> _Requirement_
Only the pictures are to be dropped; the rest of the data below is to be duplicated exactly.

> _Dataset excerpt_
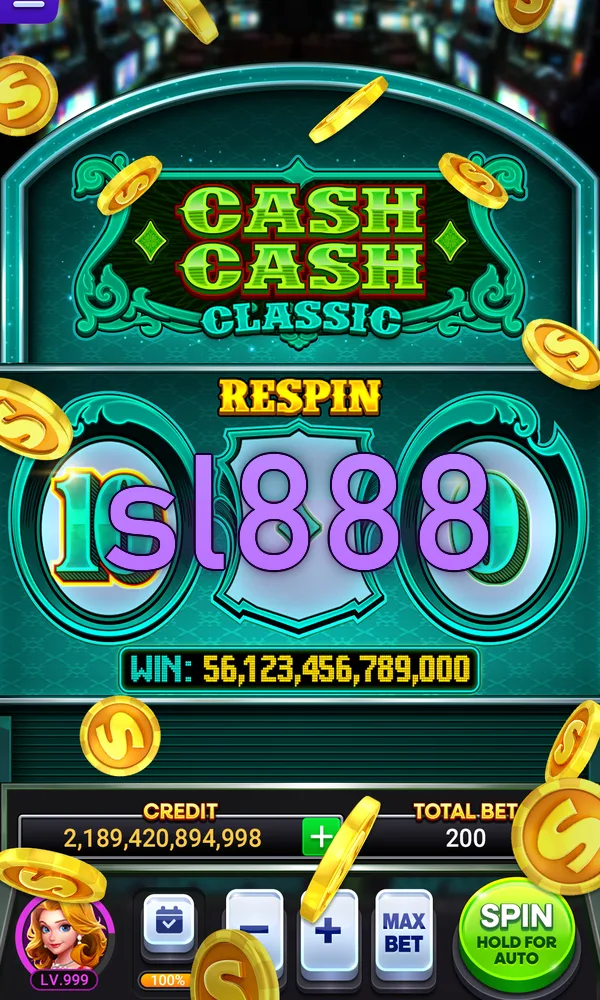 sl888 APK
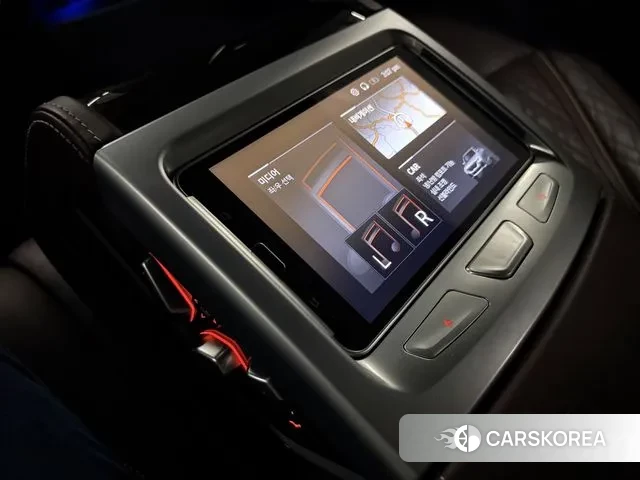 BMW 7 Series (G11) id 3508954 из Кореи 9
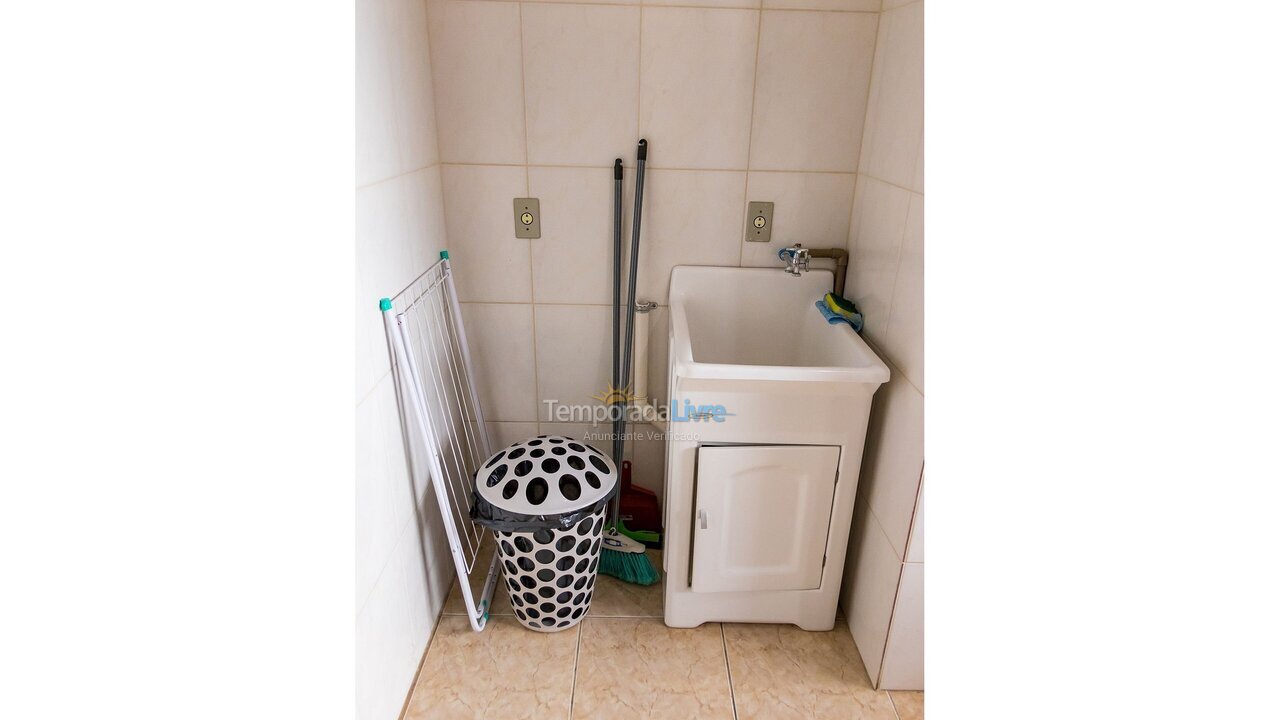 Apartamento para aluguel de temporada em Nova Petrópolis (Centro)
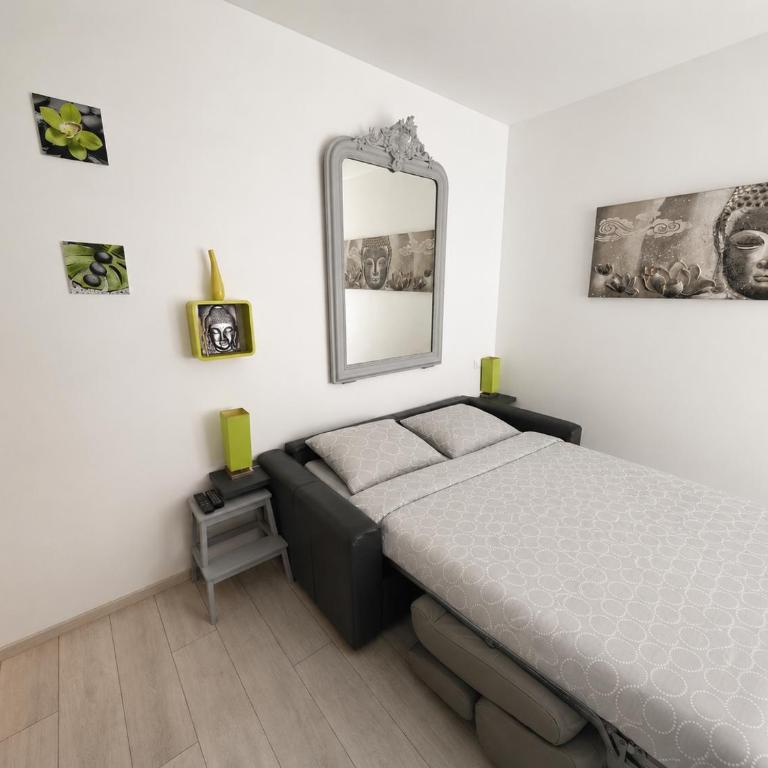 Ancre Zen - Studio - 2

> _Answer for the task_
 sl888 APK
 BMW 7 Series (G11) id 3508954 из Кореи 9
 Apartamento para aluguel de temporada em Nova Petrópolis (Centro)
 Ancre Zen - Studio - 2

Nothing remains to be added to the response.